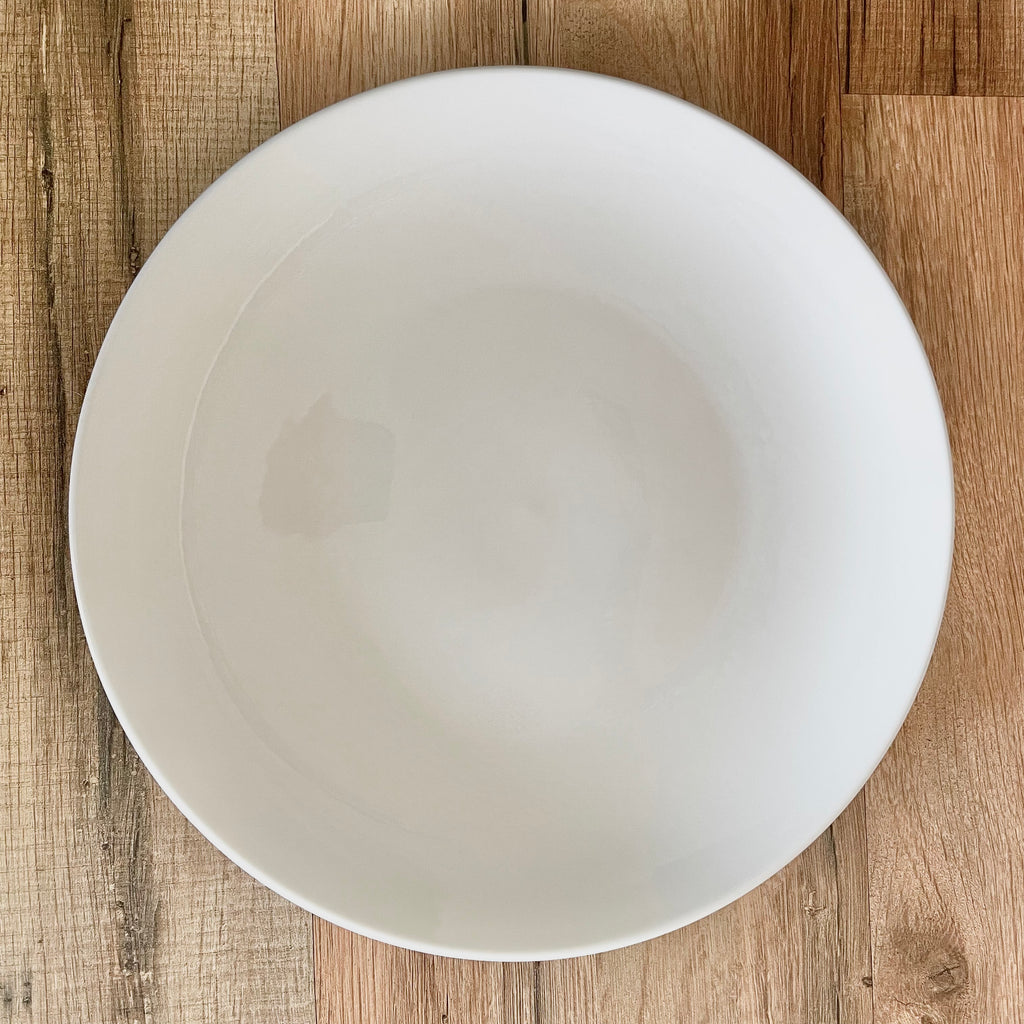 white dinner plate rental
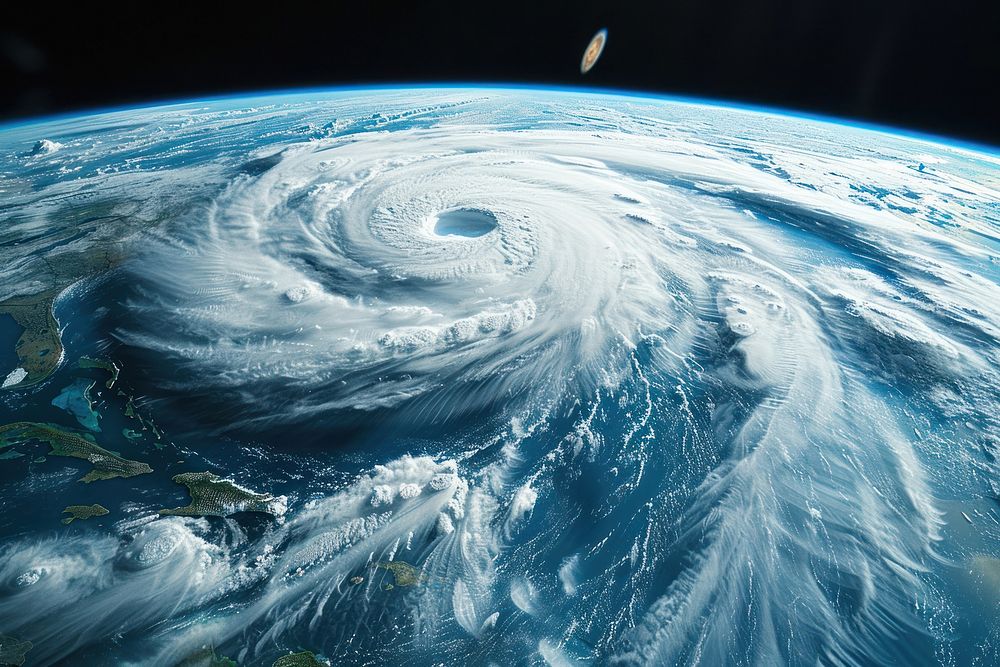 Powerful hurricane on earth seen from space astronomy outdoors universe.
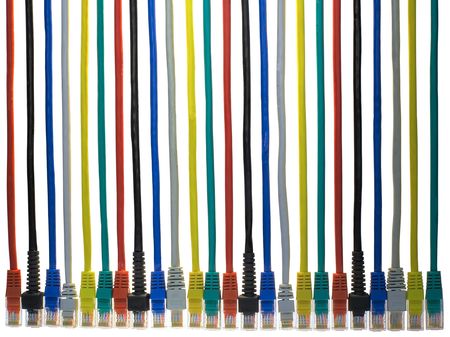 Varicoloured cables with connector rj45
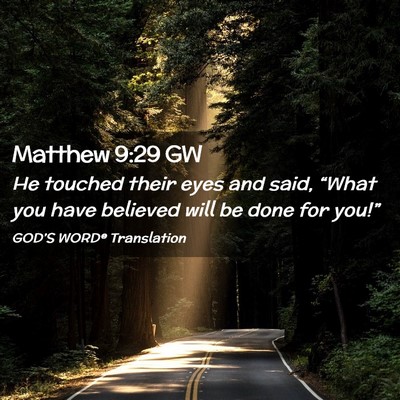 Picture 02 - Matthew 9:29 GW - He touched their eyes and said, “What you have - Bible Verse Picture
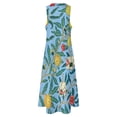 thumbnail image 5 of Fruit Print Dress Green Leaves Kawaii Maxi Dress Street Fashion Casual Long Dresses Womens Sleeveless Custom Big Size Vestidos, 5 of 7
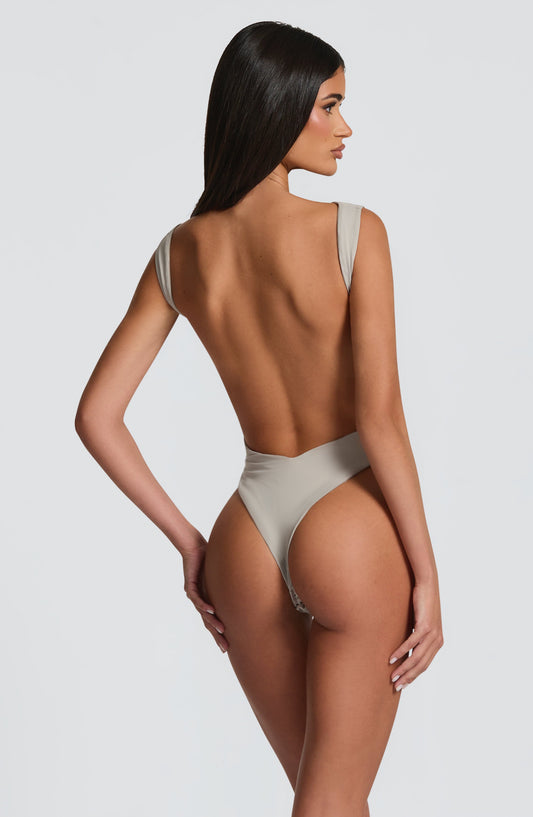 Jimena | Bodysuit de jersey gris con escote amplio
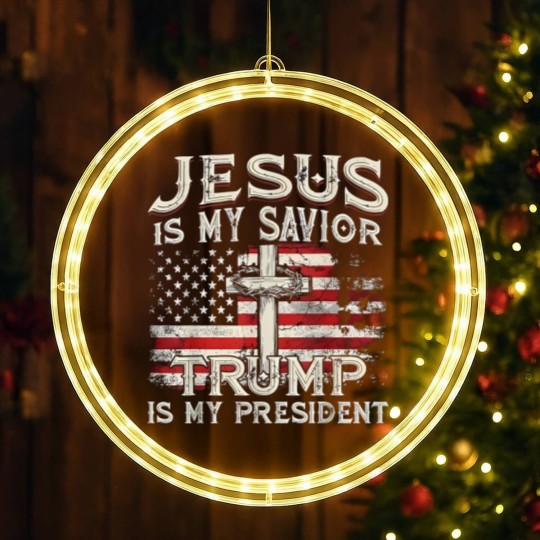 Discover Jesus Is My Savior Trump Is My President American Flag LED Christmas Window Lights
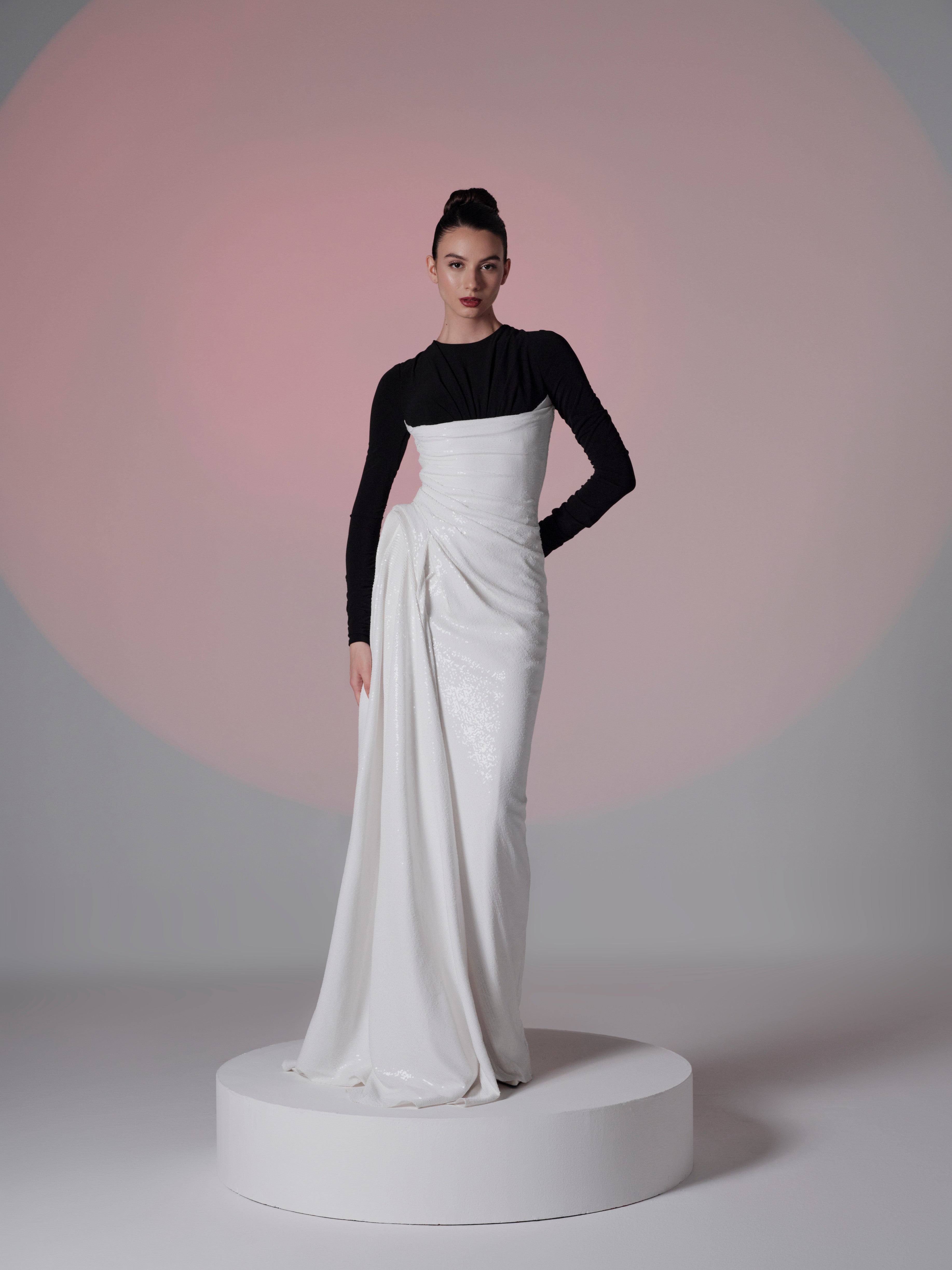 black and white dress long sleeve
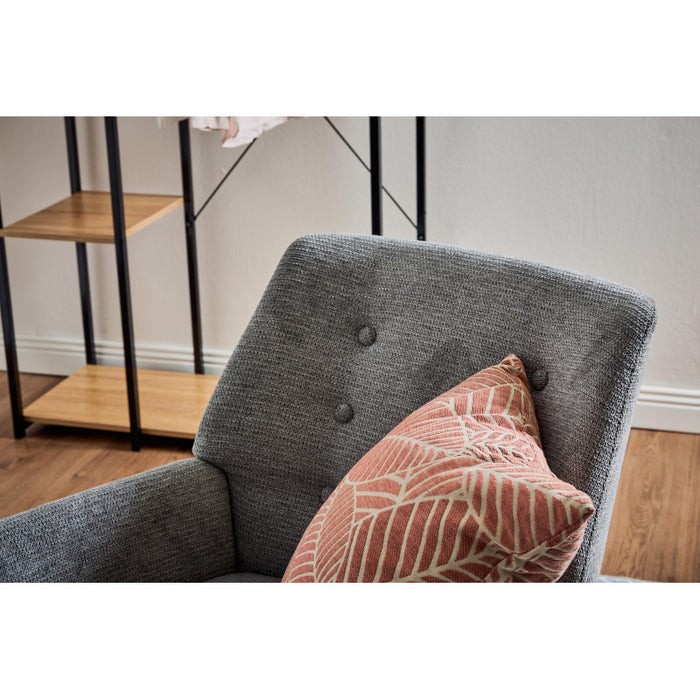 Poltrona Michelle In Tessuto Grigio Gambe Legno Naturale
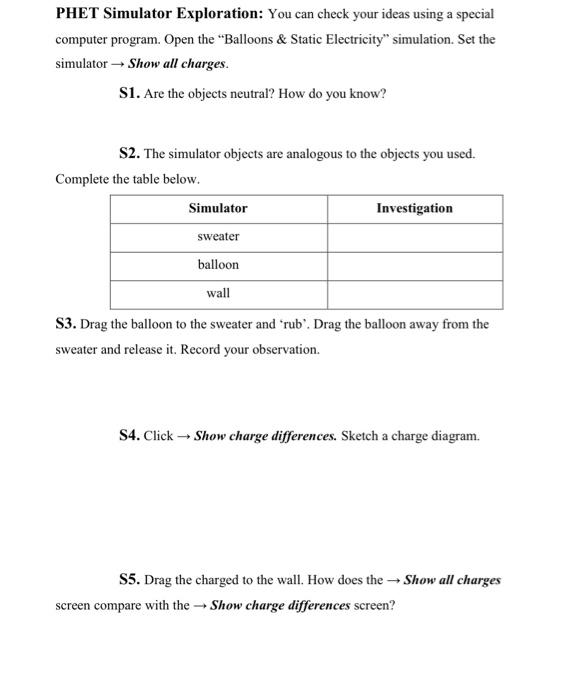  PHET Simulator Exploration: You can check your ideas using a special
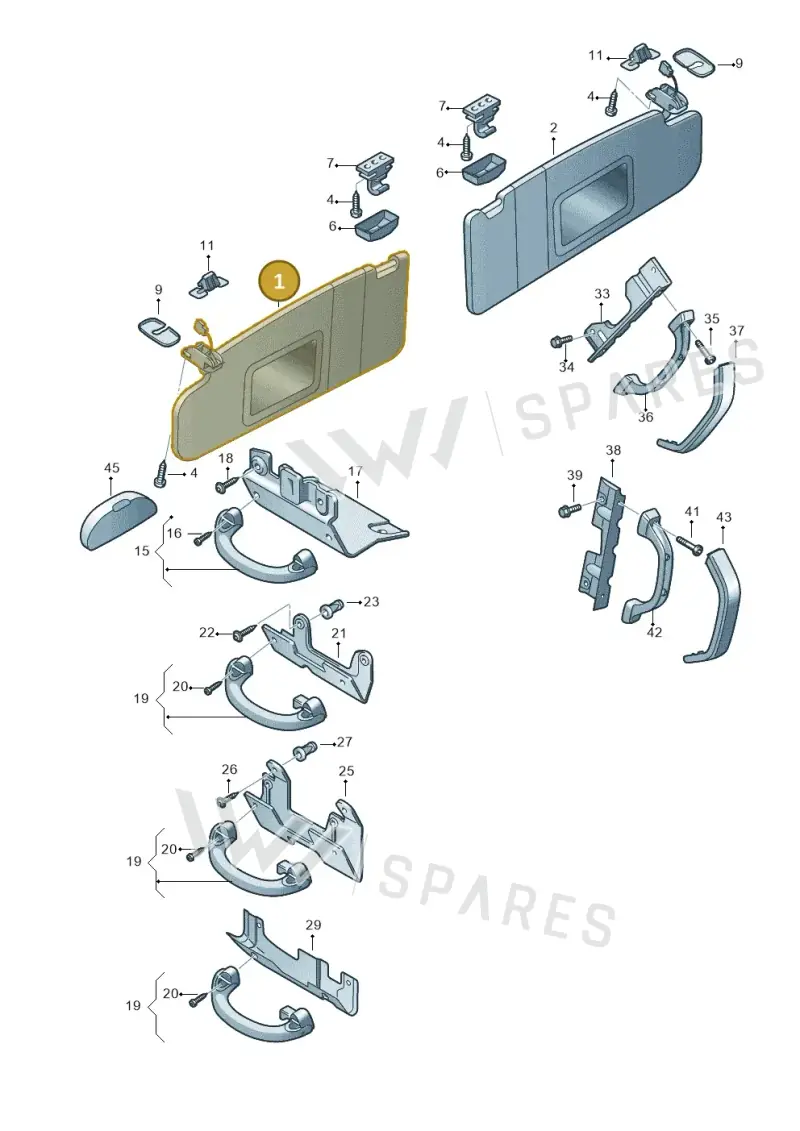 7E5857551F2G5 — Volkswagen Caravelle (2015-2019) diagram 861857500, position 1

* [YOUR ASSIGNMENT]
The line containing "Picture 02 - Matthew" marks where the copy ends; print every line before it from the start of the records, and that line too, but no pictures.

* [THE COMPLETED TASK]
 white dinner plate rental
 Powerful hurricane on earth seen from space astronomy outdoors universe.
 Varicoloured cables with connector rj45
 Picture 02 - Matthew 9:29 GW - He touched their eyes and said, “What you have - Bible Verse Picture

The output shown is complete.